Wednesday night, DD started acting lethargic. She was clearly in distress, but of course, not until 6:31pm. One minute after the office of Dr. Cashsucker had closed. The only alternative was to use the Emergency Theft (vet) about 20 minutes away. Daisy was truly sick. I didn't even complain about taking her. She was crying and couldn't walk up the stairs. This is significant for a dog that has no trouble jumping from the floor to the back of the sofa to tear the blinds out of the window in order to more appropriately threaten a squirrel on our deck.
When we arrived there was a sign that said, "call this number upon arrival". so we did.
The perpetrator: "Hello this is the Emergency Theft. How can we rob you today?"
Me: "We have a dog in great distress, apparently GI. We are afraid she has eaten something blocking her tract or has been poisoned"
Crook: "We will be right out with the paperwork. Please have your credit card ready."
The Toady came out wearing black, and a mask as would be appropriate for the one about to rob you. She had a clipboard, and she knew how to use it.
Crook, "Please fill all of this out including your SSN and DL #'s so we can take you to court if you don't pay our confiscatory fees. Include all of your credit card information. We will go back in and charge the $175.00 base fee to your card and then we will come get you dog if she isn't already dead from waiting so long. By the way, you can wait in the car. We don't allow victims into our office.
Me: "Thank you. Please help the poor girl."
Mrs. Piper: "Yes, and we don't care how much it costs!"
Me: begins to cry
The Toady escorted Daisy into the office while Mrs. Piper and I sat freezing in the car for the next 2 hours.

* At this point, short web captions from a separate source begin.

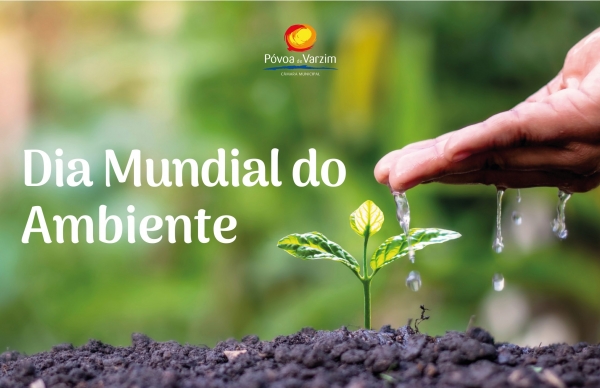 “Campanha Ambiental” poveira concorre a prémio nacional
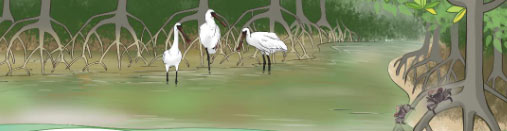 Rừng ngập mặn Cà Mau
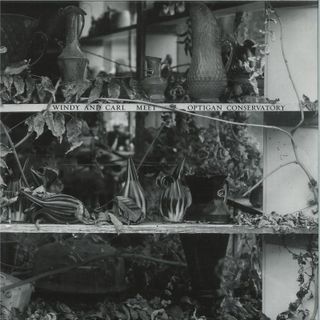 Windy, Carl With Optigan Conservatory — Windy & Carl Meet Optigan Conservatory LP vinyl cover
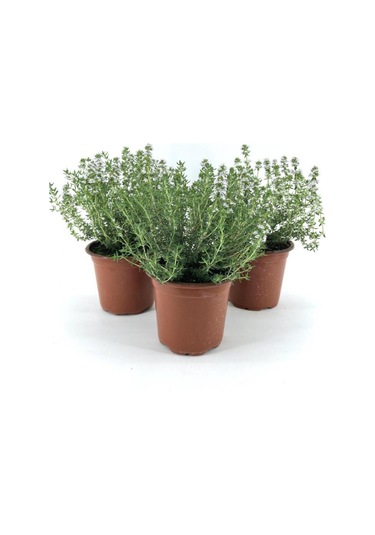 Gardenbox Saksılı Kekik Fidanı 10-20 Cm 3 Adet Potted Thyme Sapling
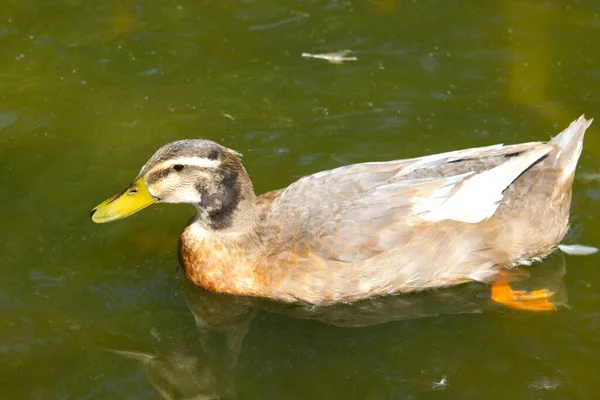 Domestic Ducks Pond — Stock Photo, Image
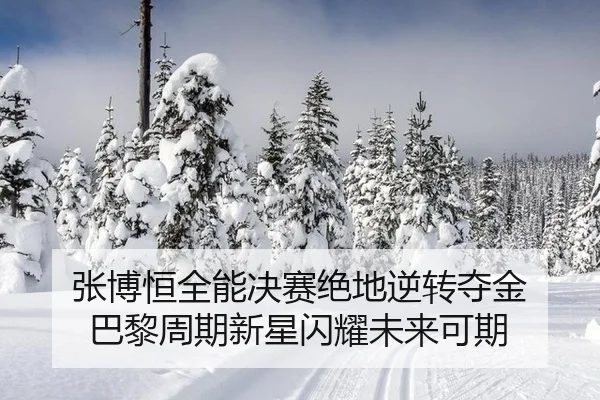 张博恒全能决赛绝地逆转夺金 巴黎周期新星闪耀未来可期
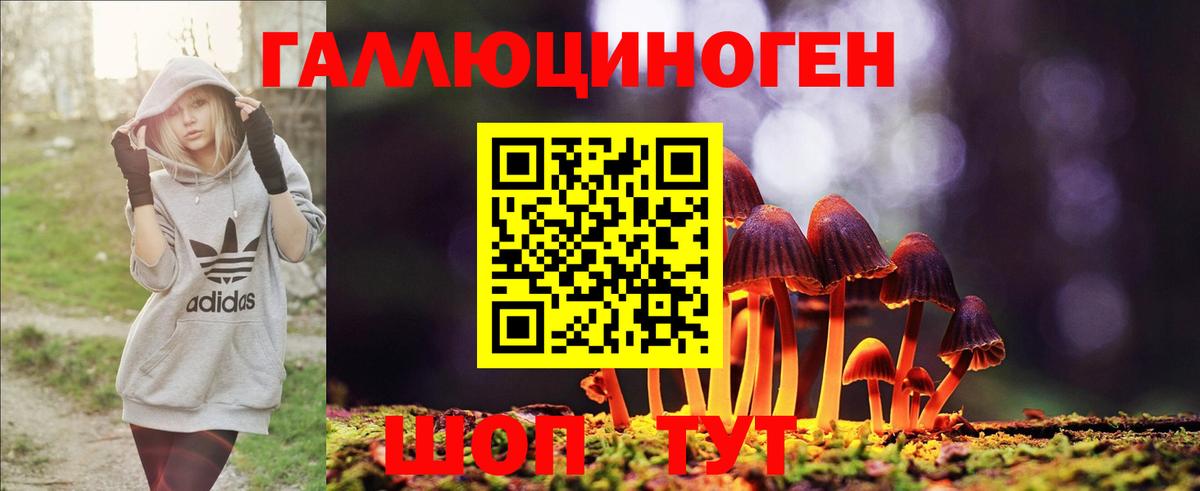 Псилоцибиновые грибы Psilocybe Ноябрьск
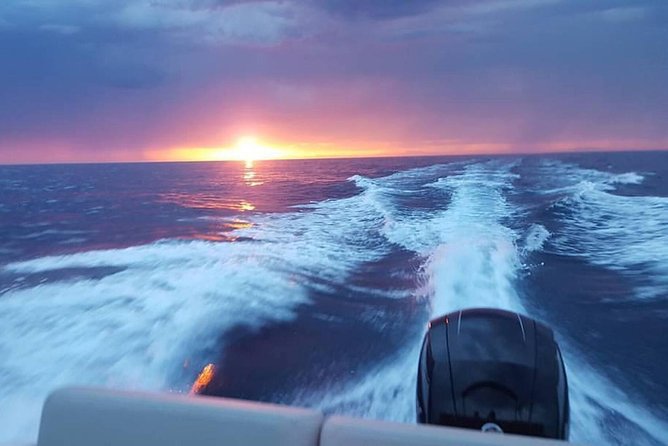 Dubrovnik Speedboat Quicksilver 675 Private Tours - What the Skipper and Boat Add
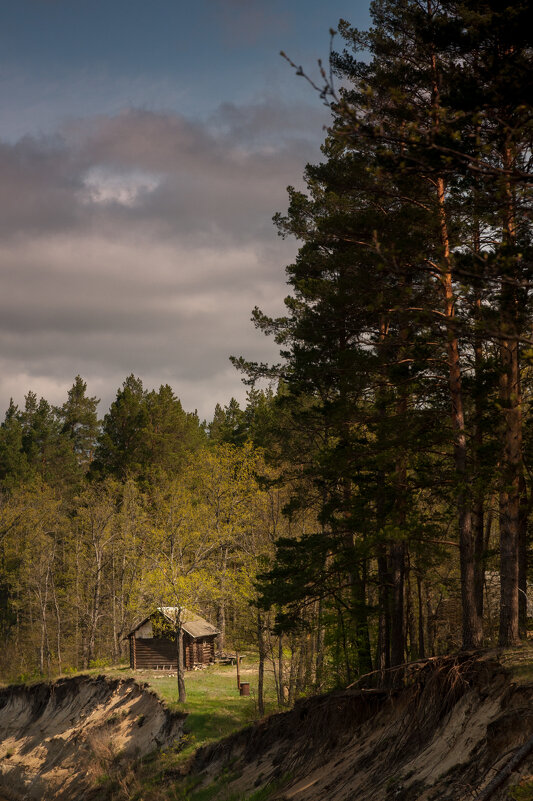 ... - Владимир Новиков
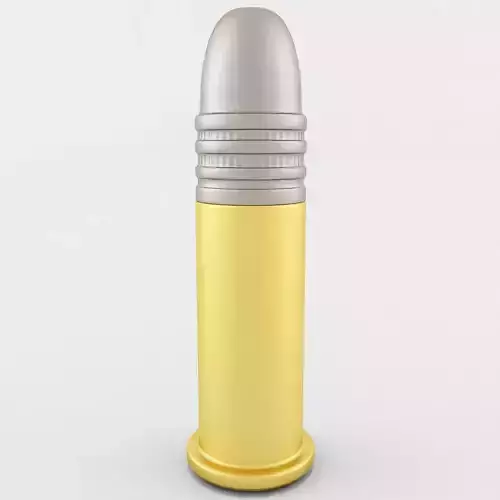 22 Long Rifle Cartridge
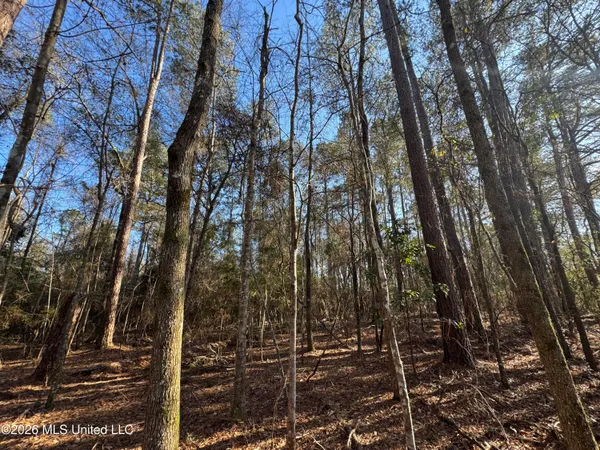 $305,000 | 254 Mississippi 27, Tylertown, MS 39667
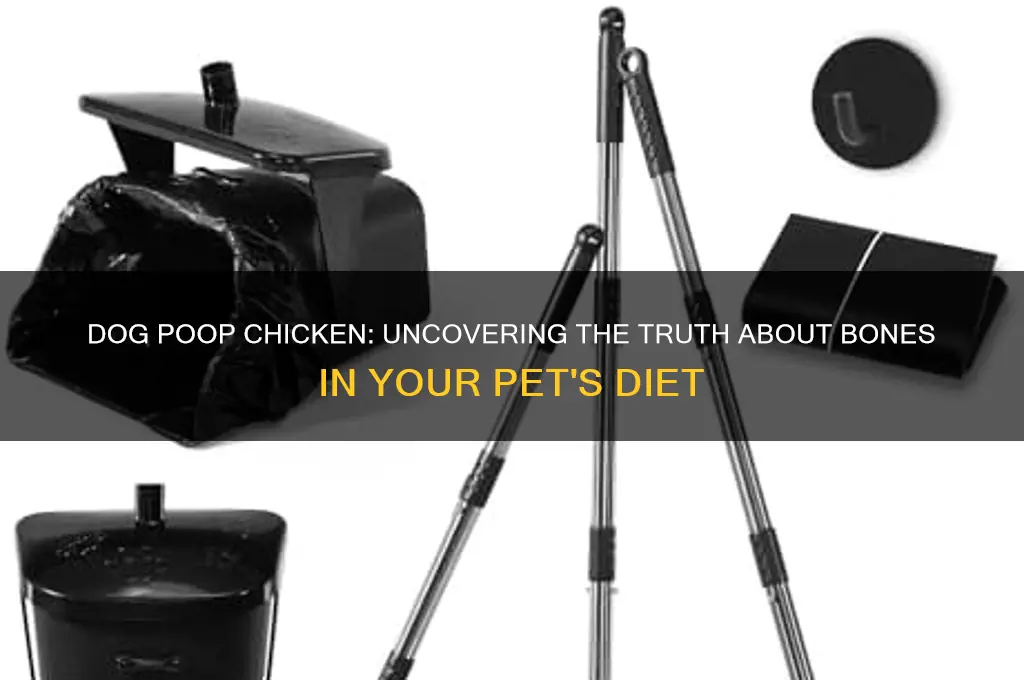 will yo find bones in dog poop chicken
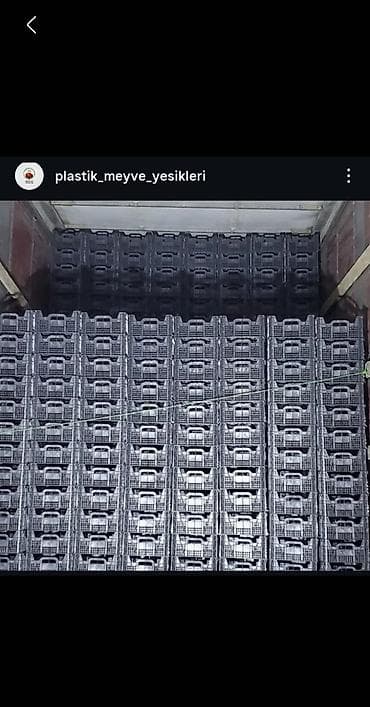 meyvə polkasi: Məhsul: Təzə bağ məhsulları – müxtəlif növ almalar və mövsümi — 8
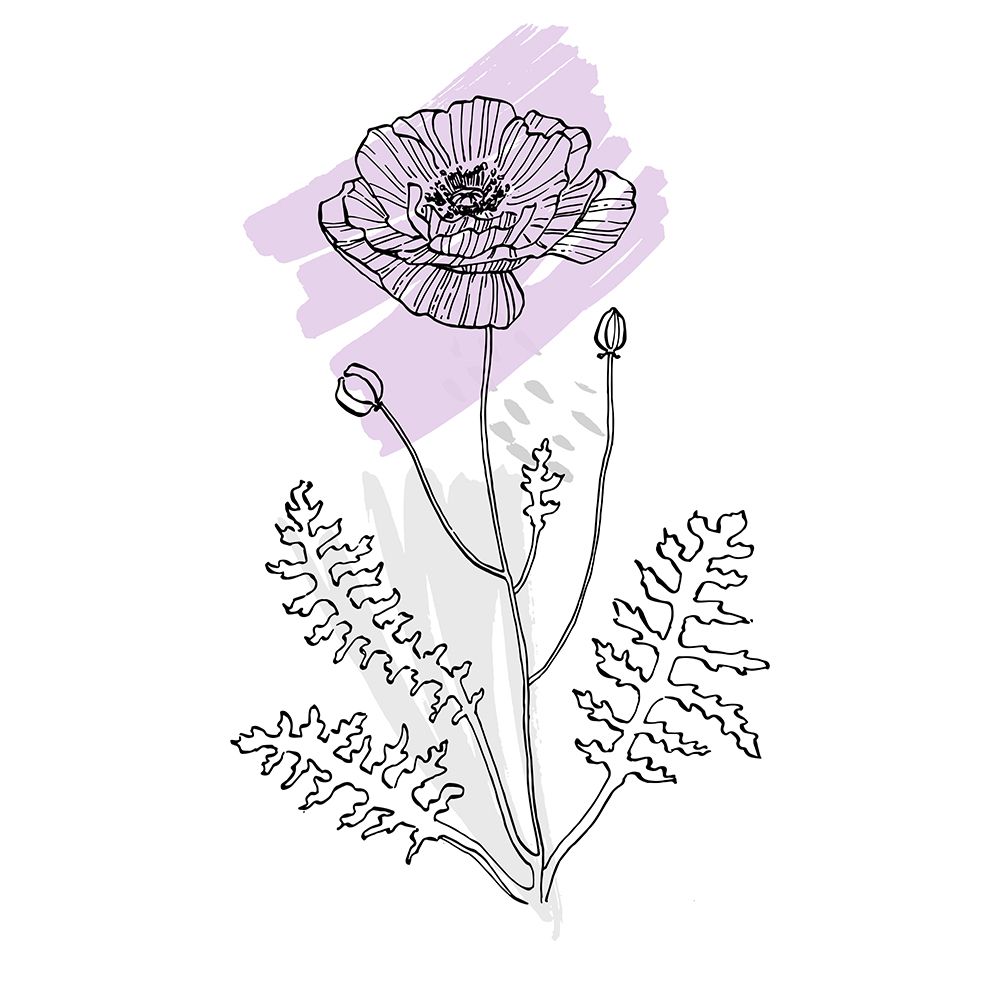 Poppies art print by AcantStudio for $57.95 CAD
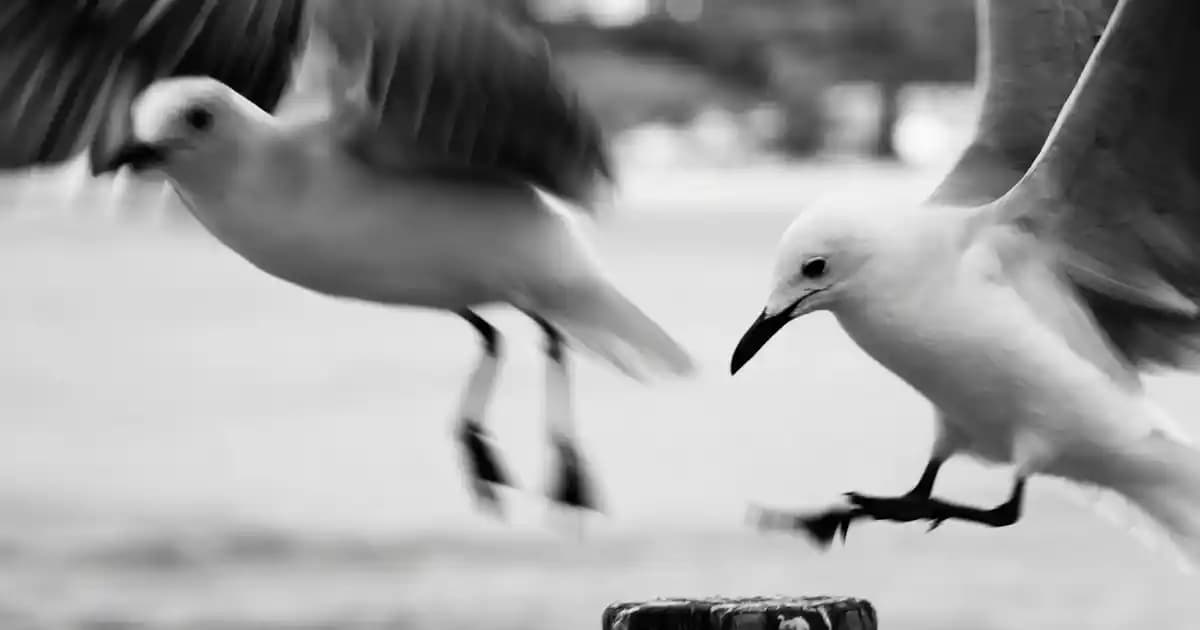 A5 Kağıt Boyutu ve Kullanım Alanları: Ofis, Elektronik ve Tasarım Uygulamaları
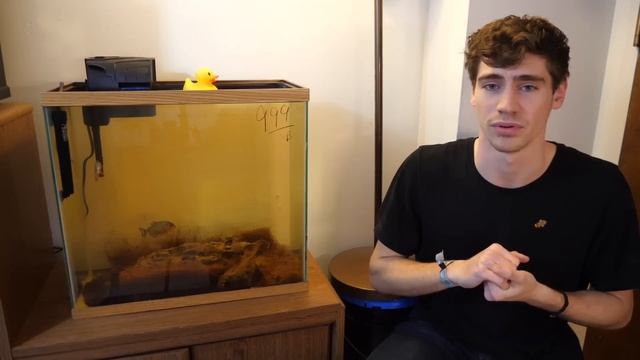 THE TRUTH ABOUT My PIRANHAS... you should know this about them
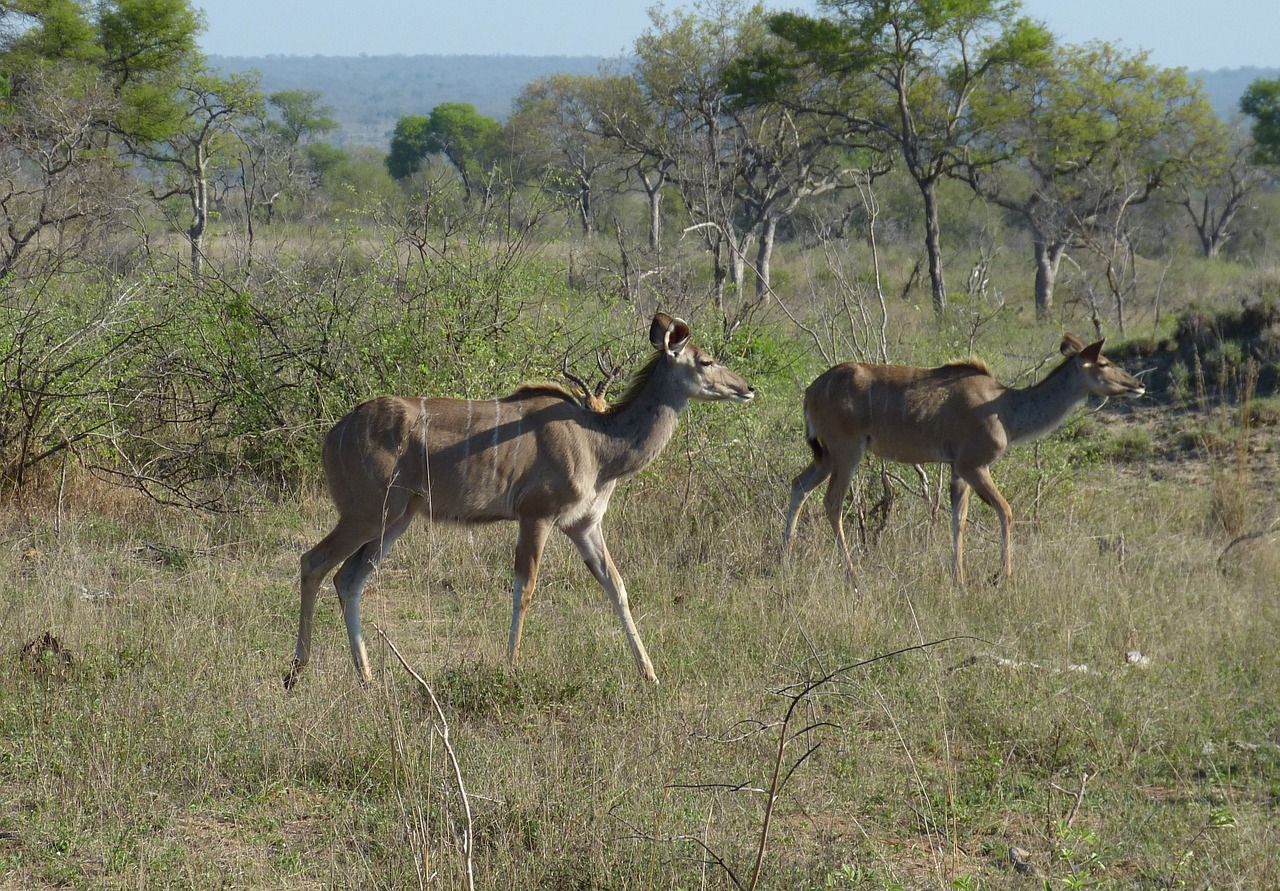 Kudu, Pietų Afrika, Safari, Turizmas, Afrika, Dykuma, Gamta, Nacionalinis Parkas, Gamtos Rezervatas, Kruger Nacionalinis Parkas
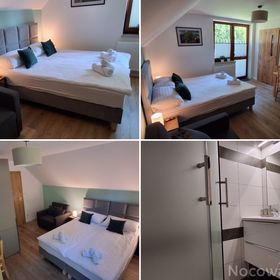 Sosnowy Zakątek Piwniczna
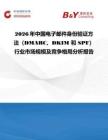 2026年中國電子郵件身份驗證方法（DMARC、DKIM 和 SPF）行業(yè)市場規(guī)模及競爭格局分析報告
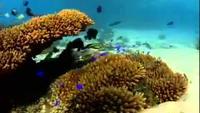 Treasures of the Great Barrier Reef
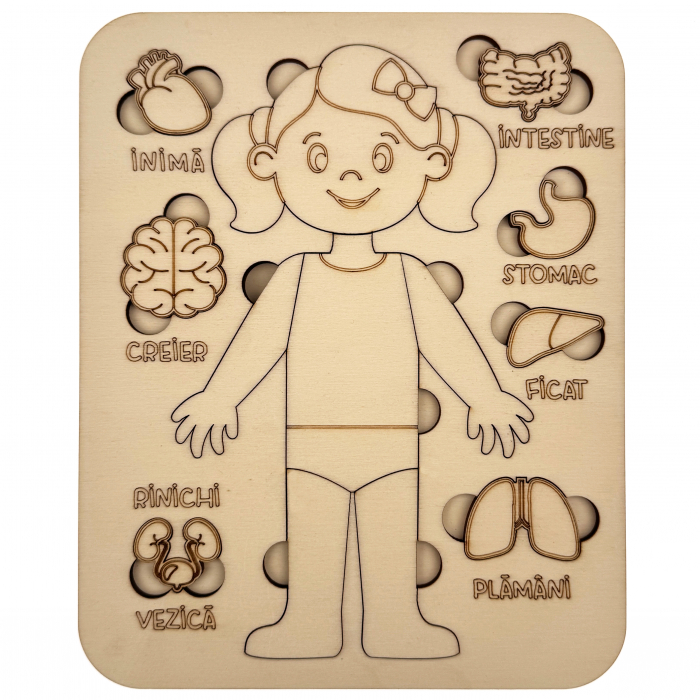 puzzle educativ corp uman fata din lemn cu organe interne, stil Montessori [7]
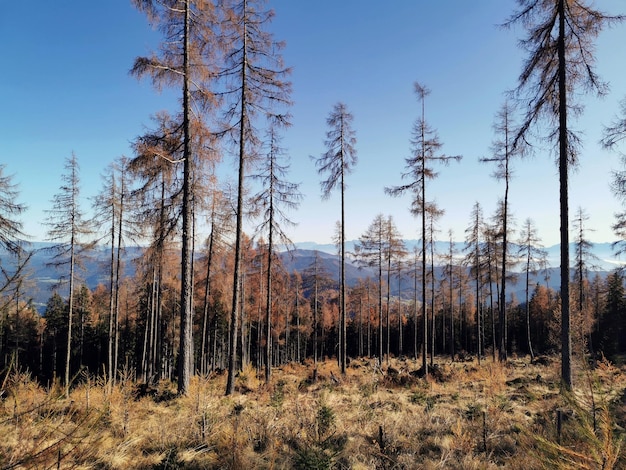 Foto los árboles crecen en el campo contra el cielo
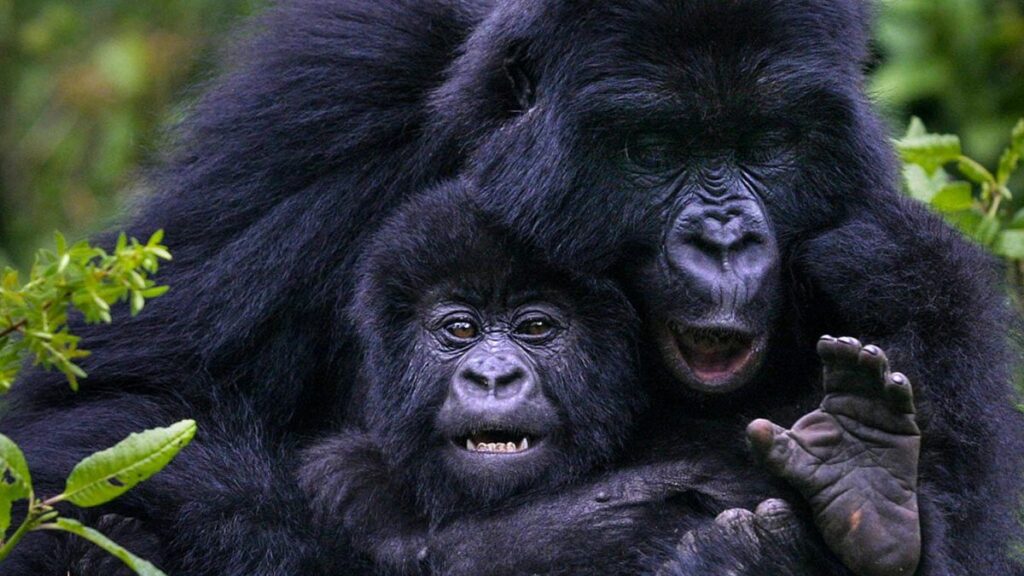 How to Go Trekking With the Gorillas In Uganda in 2025-2026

After a while the phone rang.
"Hello Mr. Piper? This is Dr. Larsen. We have done an X ray, CBC and Metabolic panel. Your current charges are $1249.00. All tests are in the normal range and she doesn't appear to have a blockage. Her stomach is distended and appears to be very full of food. I recommend we give her some inexpensive generic stomach medicines for her to take for the next week. These two prescription will be $178.00 and added to your charge card ok?"
Mrs.Piper: "Thank you so much for taking care of Daisy Donuts! What would we ever do without you?"
The Toady returned DD to the car which by now had icicles hanging from the ceiling and frost on the windshield. We drove home.
I AM NOT JOKING!!! Right as we walked in the door, Daisy Donuts FARTED a blast that would have rocked the Titanic! Been fine ever since.
It's just adding insult to injury. I mean, once your broke, "broker" is only relative. I will be in my man cave crying and reading Indeed.com looking for side jobs. No Christmas this year.